* PROBLEM DETAILS
Print the entries in full, word for word, but not the pictures.

###

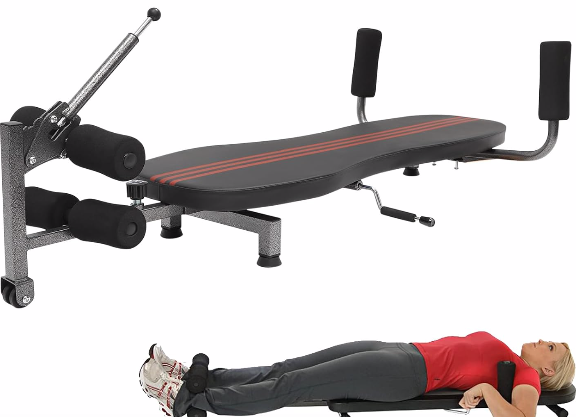 Inversion Bench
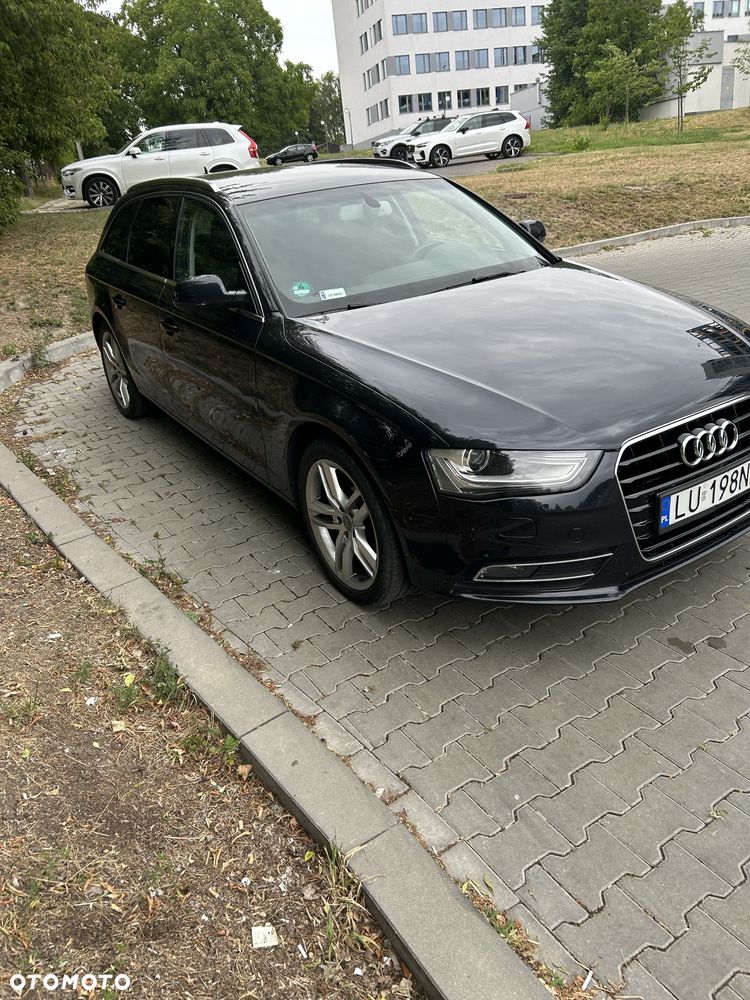 Audi A4 Avant - 5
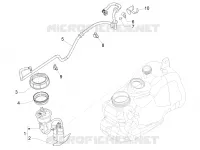 Instalation de l'alimentation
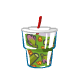 Small Asparrot Smoothie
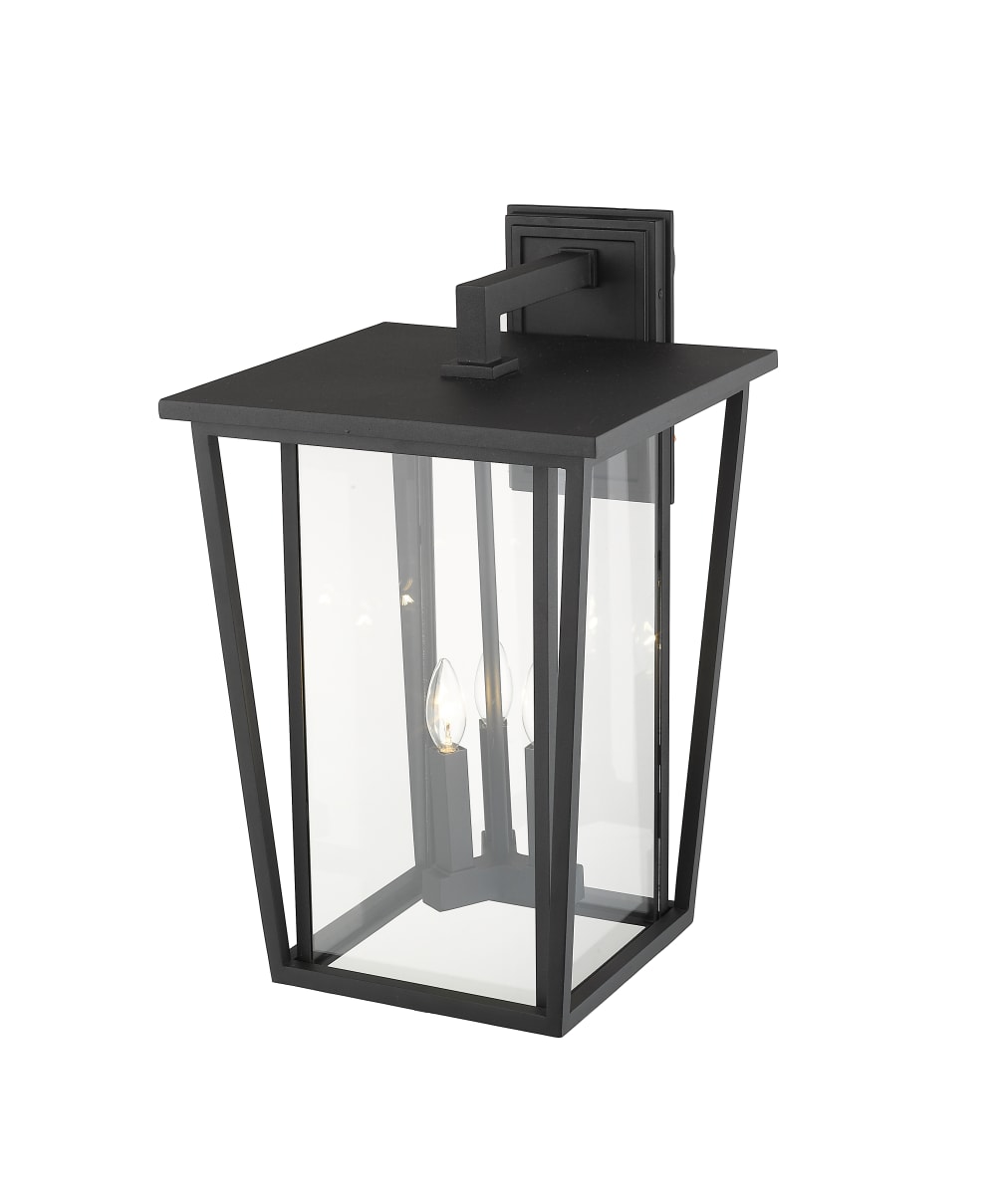 Z-Lite 571XL-BK Black Seoul 22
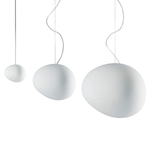 Pendant design lamp  Gregg by Foscarini D13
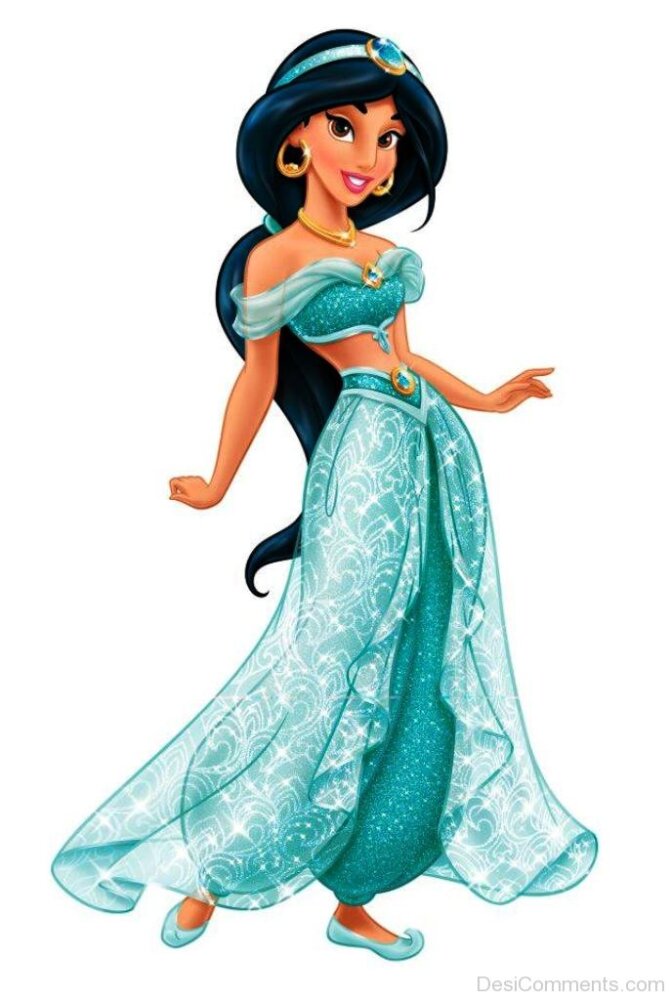 Princess Jasmine Picture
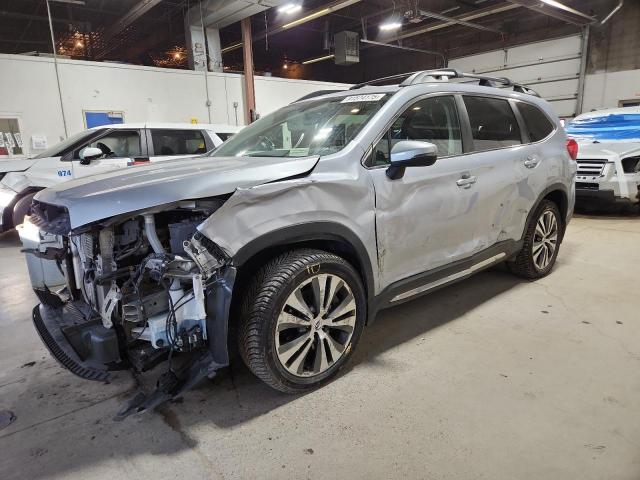  Salvage Subaru Ascent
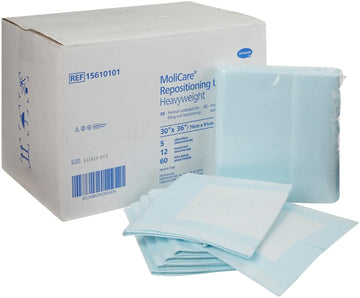 Hartmann MoliCare Repositioning Underpad 30x36 Inch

###

* RESPONSE AREA
 Inversion Bench
 Audi A4 Avant - 5
 Instalation de l'alimentation
 Small Asparrot Smoothie
 Z-Lite 571XL-BK Black Seoul 22
 Pendant design lamp  Gregg by Foscarini D13
 Princess Jasmine Picture
  Salvage Subaru Ascent
 Hartmann MoliCare Repositioning Underpad 30x36 Inch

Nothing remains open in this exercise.